Author : Matt Matlo

Jeremy Davenport awoke in an apple orchard outside Somerville, Massachusetts, sometime in June, 12,459 A.D.. Back in the 2200’s, some genius invented the temportation machine. They used it to see into the future, and then, before anyone asked if they should, people were jumping into the machine, making that Great Leap Ahead, a million years ahead, maybe five million. A few hundred in a bank account would turn into billions upon arrival in the capital planet-city of the great galactic empire, full of humans, or trans-humans, even some semi- and post-humans. The future was their oyster.

Space travel opened up thirty thousand years from now with FTL technology. Sixty thousand later, we meet the first sentient aliens. Another hundred thousand, humans were part alien themselves and spread out across the galaxy. A million years ahead, and the cities of earth unmoored themselves and floated in the skies, just as people rewrote their DNA to grow wings, and took to the skies themselves. These images tempted us all to Leap Ahead.

Jeremy was all alone, no friends or family. Nothing but a few hundred in a bank account. Pick it up a few thousand years from now, bloated to millions of future-dollars, and he could live like a king in that super-tech wonderland.

“Look,” he said to the professor who finally interviewed him, “I just need a new start. Maybe just ten thousand years ahead?”

“Colonization of the solar system, cities on Mars, Europa, Ganymede! The asteroid belt lit up like a toroidal Christmas tree. We’ve seen it, and you’re going to love it. Just sign here, and do hurry. We’re ever-so busy this time of year.”

Busy didn’t come close. Every minute of every day, they lined up, sometimes carrying a suitcase, sometimes with only the clothes on their backs, to step through that iridescent portal.

“Why doesn’t anyone come back, you know, to visit or something?” Jeremy asked.

“Oh, good question,” the scientist answered, “We’ve seen through the time-window that backwards time-travel is invented three point five million years from now, but all the futures we observe are such that this is in fact the least interesting era in human history. Why come here when you can grow gills to see the undersea city of New Lemuria, just a million and half years from now?”

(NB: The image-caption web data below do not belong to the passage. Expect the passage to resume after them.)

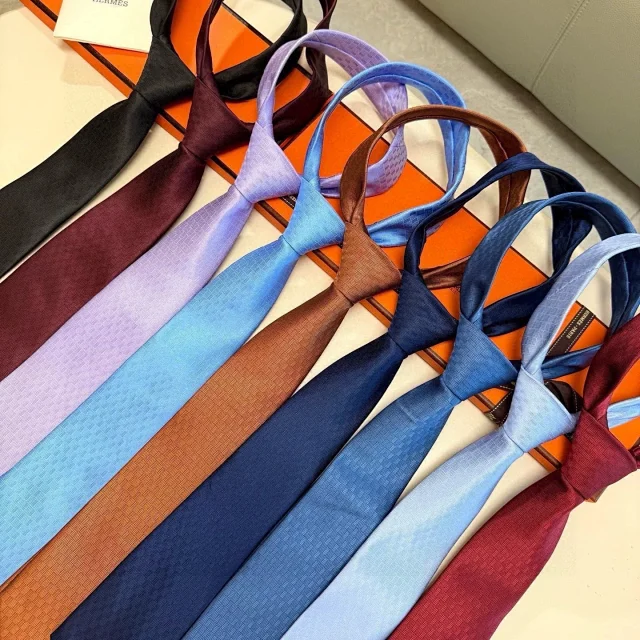 Hermès Ties Jacquard-Woven Padlock Motif Tie product detail image 7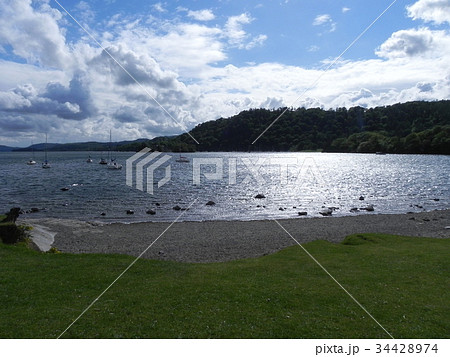 イギリス 湖水地方 湖の景色 イギリス 湖水地方 湖の景色 34428974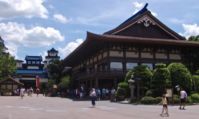 Photo du bâtiment des boutiques et restaurants du pavillon Japonais du World Showcase au parc EPCOT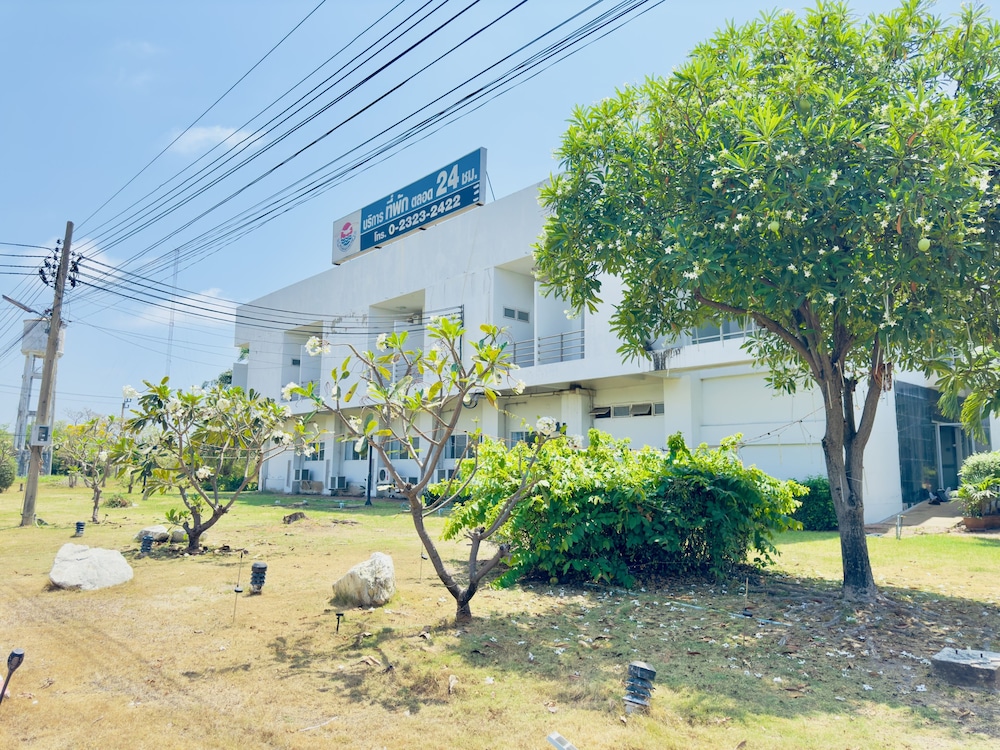 Bang Pu Recreation center Hotel Samutprakan 38/46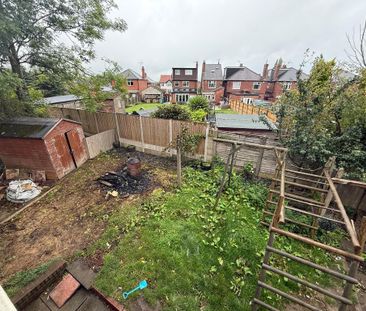 3 bedroom semi-detached house to rent - Photo 5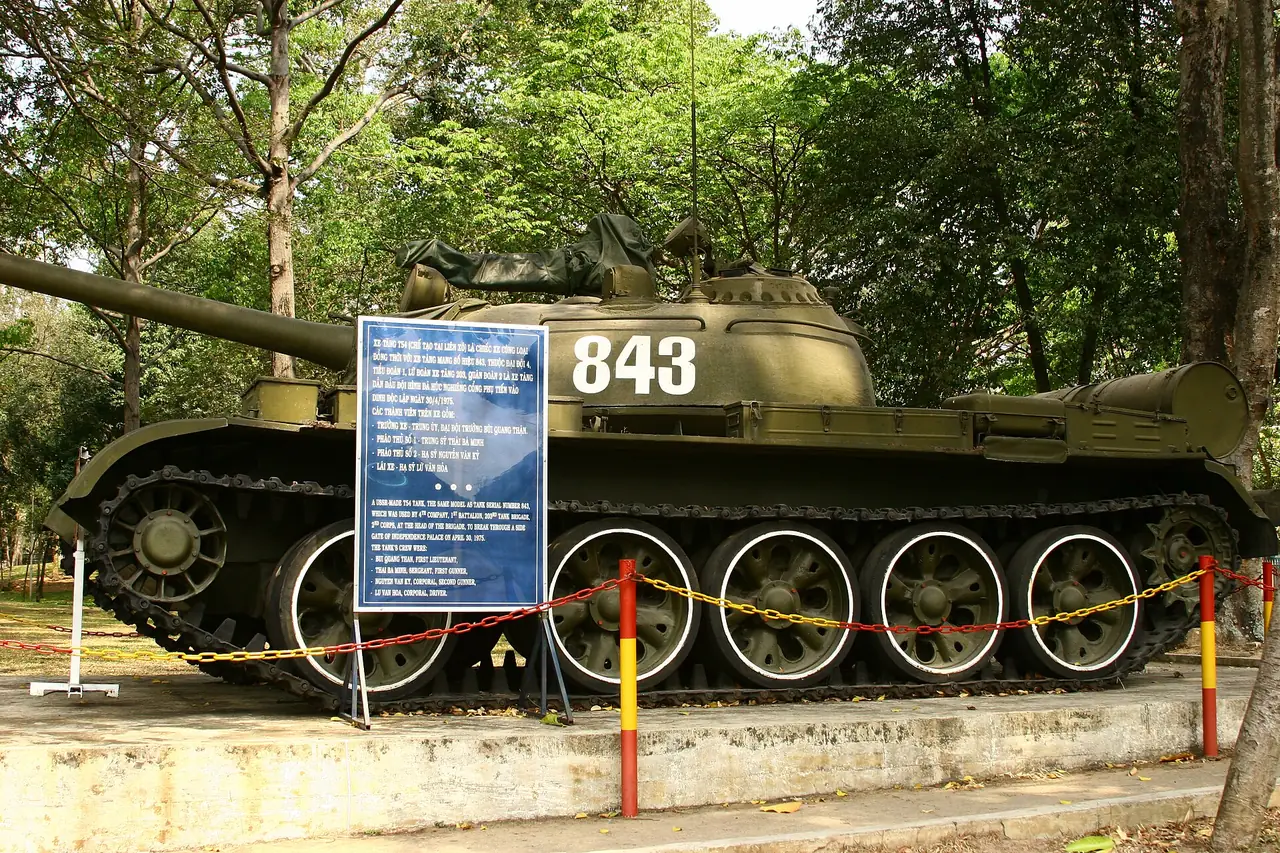 รถถังหมายเลข 843 ที่จัดแสดงหน้าทำเนียบ (Wikivoyage ระบุว่าเป็นรถจำลองของรถถังในเหตุการณ์ 30 เม.ย. 2518)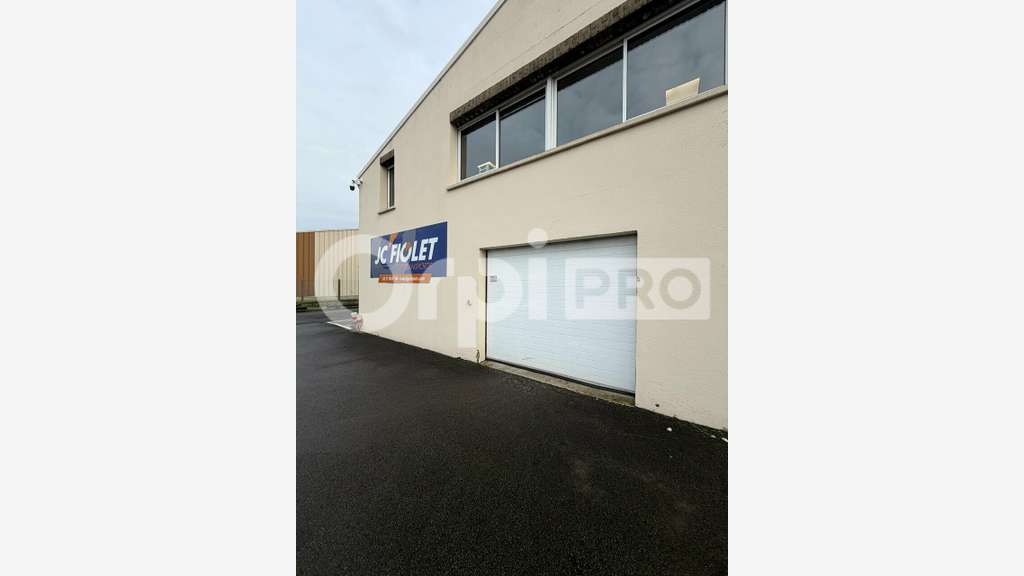 Entrepôt avec bureaux à louer à Arras ZI Est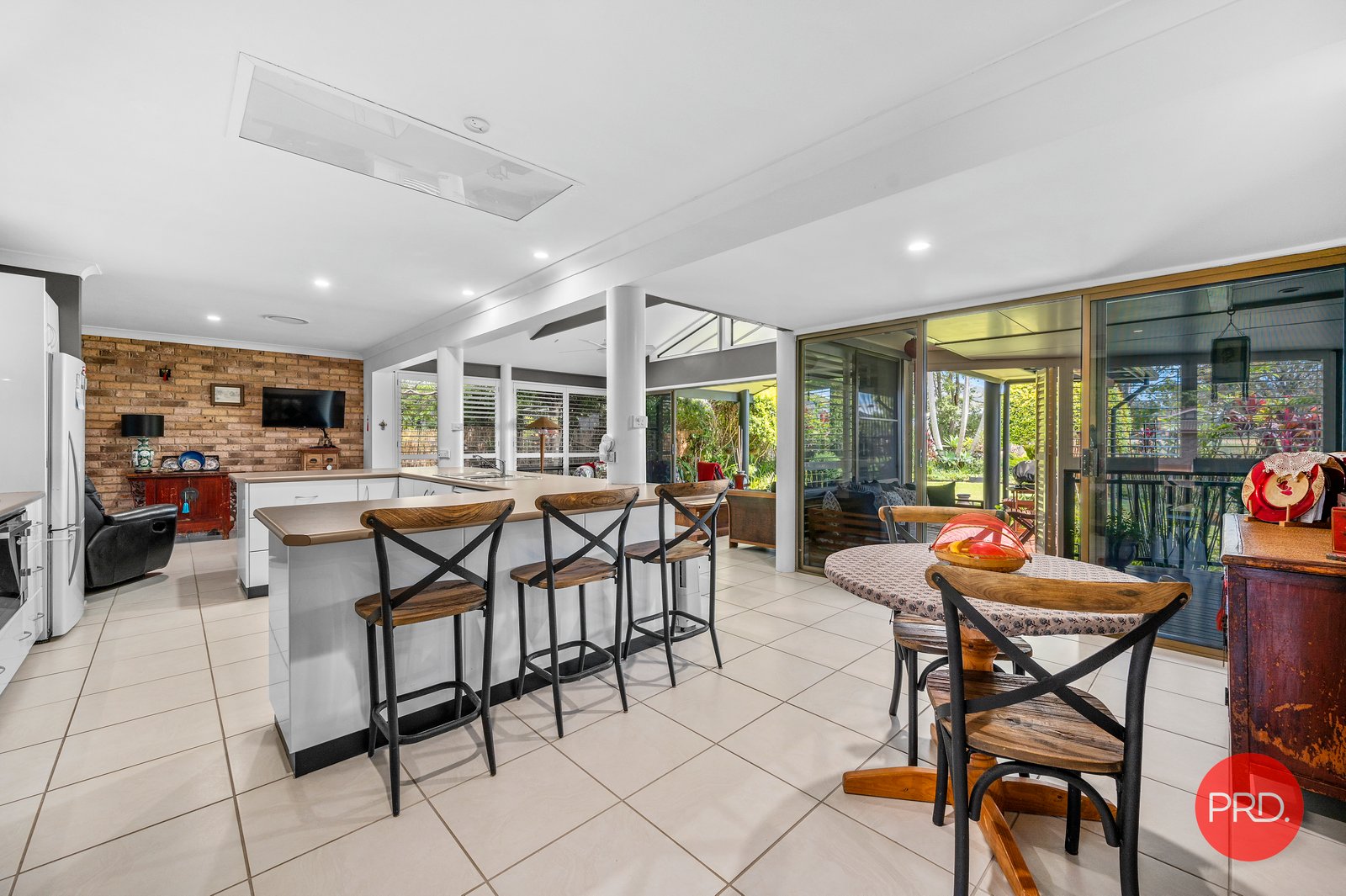 27 Norman Hill Drive KORORA 13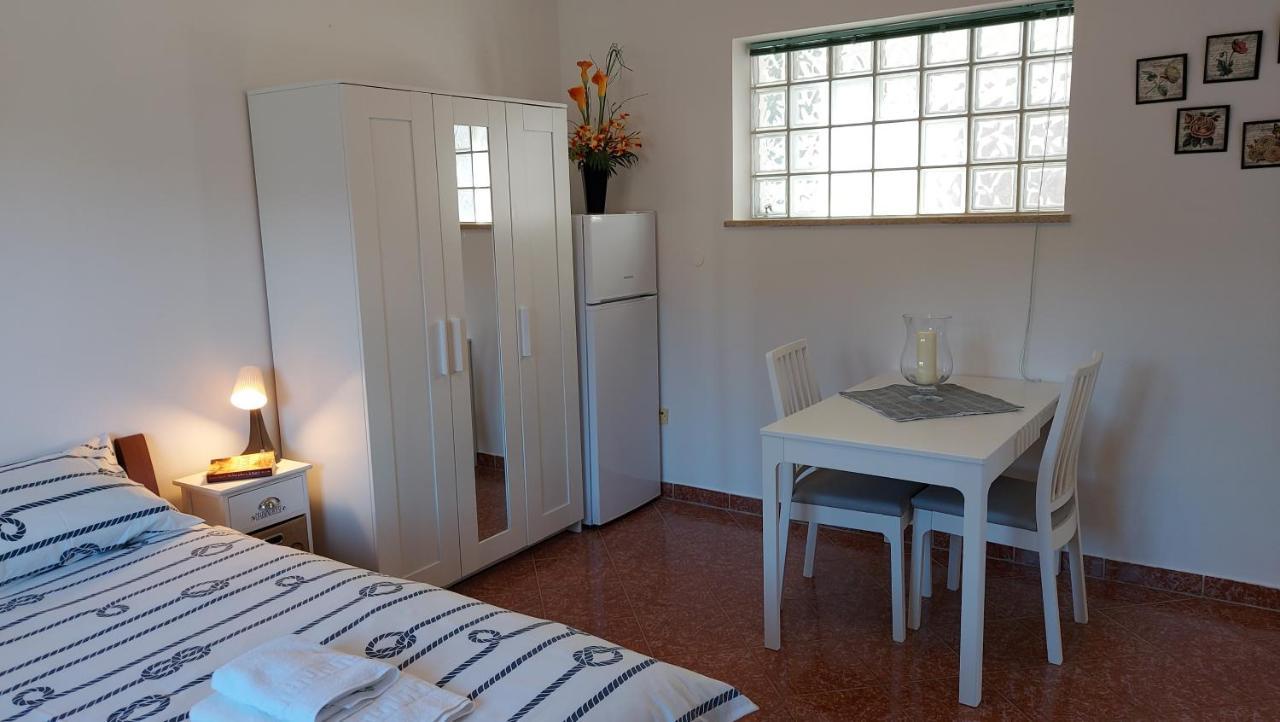 Soline Ada Apartman Pjescana Uvala Kültér fotó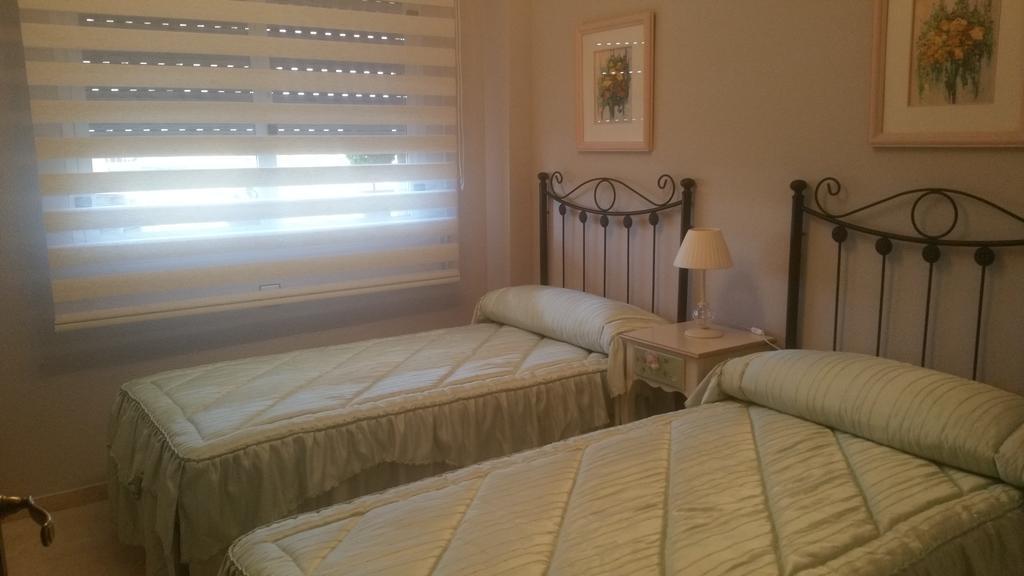 Apartamento Eduardo Dato Seville Ngoại thất bức ảnh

He cursed the scientist, wishing he remembered his name as he toured the ruins of Boston. The North End skyscrapers still stood, but empty, their solar windows gathering power for no one but him. He ate fruit off the trees growing in Government Center, in the hottest days wearing nothing but shoes. Finally he went back to the temportation center. With a little percussive encouragement, the machine started up and showed him the Earth flashing through a million years of future, none of it human. When they looked ahead for him, Earth still had nine billion people, but now, as he cranked the dial as far to zero as he could, it showed him no one else alive on the planet. They wanted the future so badly, no one stayed behind to build it.

He decided to stay, not that there was anywhere else to go. Maybe someone else would take the trip to 12,459 A.D., hopefully a woman, but anyone would do. This broken and empty world was no prize, but at the very least he wouldn’t be alone anymore.